Каслри опустил голову. Он не стал указывать королю на его ошибку, на то, что он несправедлив. Не стал демонстрировать обиду. Яков понял это сам.

— Прости меня, Руперт, — тихо произнес он. Немного помолчал. Каслри не решился прервать это молчание. Наконец Яков поднял глаза: — Скажи, Руперт, могу я что-нибудь сделать для тебя? — спросил он так же тихо, но гораздо спокойнее. — Пока я еще король.

— Можете, — кивнул Руперт.

— Что? Все, что в моих силах…

— Это вполне в ваших силах, Ваше Величество, — еще раз поклонился Каслри, выпрямился и произнес: — Останьтесь в живых. Это мое единственное желание.

Король прикрыл усталые глаза:

— И все? И ничего для себя?

— У меня все есть, — Каслри пожал плечами, — вы знаете, я никогда не стремился к власти. Все, чего я хотел — охотиться на лис. Мне жаль, что я не смог спасти ваш трон. Но я хочу уйти не опозоренным.
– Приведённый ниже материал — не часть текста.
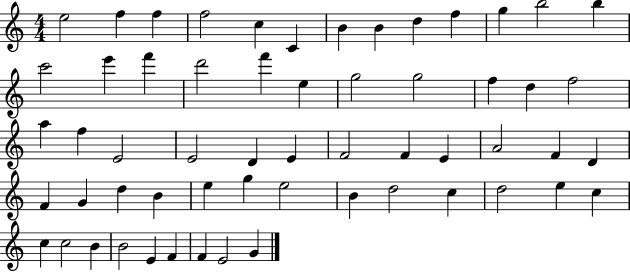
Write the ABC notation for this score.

X:1
T:Untitled
M:4/4
L:1/4
K:C
e2 f f f2 c C B B d f g b2 b c'2 e' f' d'2 f' e g2 g2 f d f2 a f E2 E2 D E F2 F E A2 F D F G d B e g e2 B d2 c d2 e c c c2 B B2 E F F E2 G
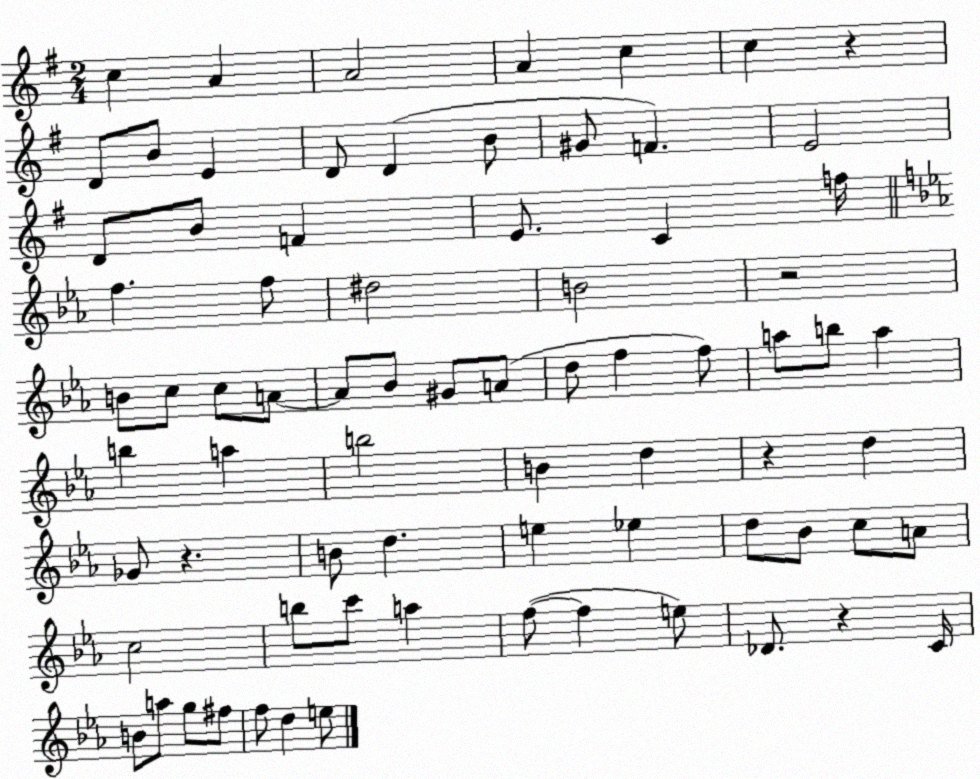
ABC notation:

X:1
T:Untitled
M:2/4
L:1/4
K:G
c A A2 A c c z D/2 B/2 E D/2 D B/2 ^G/2 F E2 D/2 B/2 F E/2 C f/4 f f/2 ^d2 B2 z2 B/2 c/2 c/2 A/2 A/2 _B/2 ^G/2 A/2 d/2 f f/2 a/2 b/2 a b a b2 B d z d _G/2 z B/2 d e _e d/2 _B/2 c/2 A/2 c2 b/2 c'/2 a f/2 f e/2 _D/2 z C/4 B/2 a/2 g/2 ^f/2 f/2 d e/2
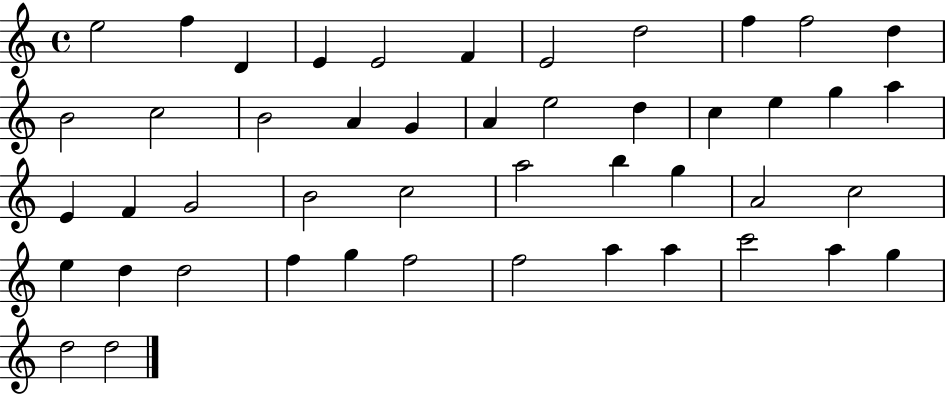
E5/h F5/q D4/q E4/q E4/h F4/q E4/h D5/h F5/q F5/h D5/q B4/h C5/h B4/h A4/q G4/q A4/q E5/h D5/q C5/q E5/q G5/q A5/q E4/q F4/q G4/h B4/h C5/h A5/h B5/q G5/q A4/h C5/h E5/q D5/q D5/h F5/q G5/q F5/h F5/h A5/q A5/q C6/h A5/q G5/q D5/h D5/h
Я хочу спасти вашу жизнь.

— Бегство? — спросил Яков.

— Бегство, — кивнул Каслри.

— Но куда? Ты уже все продумал?

— В Кент. А оттуда морем во Францию. Луи не выдаст вас.

— Да, Луи не выдаст. Но до Кента еще нужно добраться, а все мои кареты с гербом…

— Вы поедете в моем экипаже, — сказал виконт. Он и в самом деле все продумал. — А я — в вашем. В другую сторону.

Король пристально посмотрел на Руперта.

— Ты идешь на верную смерть.

Каслри пожал плечами:

— Ради короля… Разве я первый?

На этот раз король молчал гораздо дольше.

— Если мы оба останемся в живых… — он не договорил. Но в этом не было необходимости. Каслри знал и так, что Яков никогда этого не забудет. Король просто не умел забывать такие услуги или отвечать на них черной неблагодарностью.

— Удачи вам, Ваше Величество. И — поторопитесь, — сказал он.

— Удачи нам обоим, Руперт. Да не оставит нас дева Мария.

* * *

Море шумело где-то там, вдали, за горизонтом. Сюда его гул долетал лишь иногда, когда его приносил ветер. А прямо у берега стальные воды были скованы толстой кромкой льда. Белый снег лежал на крышах ветхих домишек и сараев, на плетнях, на голых ветках деревьев, на перевернутых лодках. Давно уже рыбаки не выходили в море. Сейчас они сидели у очагов, глядя на огонь, курили или жевали табак и грубыми, но сильными и умелыми пальцами гнули крючки, готовили снасть на следующее лето, чинили паруса.

В рыбацкой деревушке на побережье, где некогда жил «мастер Джерри», Джованну отлично помнили и вместе с «мужем» приняли как родных. Оба они не привыкли быть нахлебниками и не боялись никакой работы. Так что «князь да Манчина» сразу присоединился к мужчинам и целыми днями пилил, строгал, смолил: его руки на диво ловко обращались с грубоватым инструментом, почти так же, как и со шпагой. Жители деревни признали его своим: что рыбак, что моряк — так же зависит от непредсказуемой стихии, так же рискует жизнью и так же порой не может свести концы с концами.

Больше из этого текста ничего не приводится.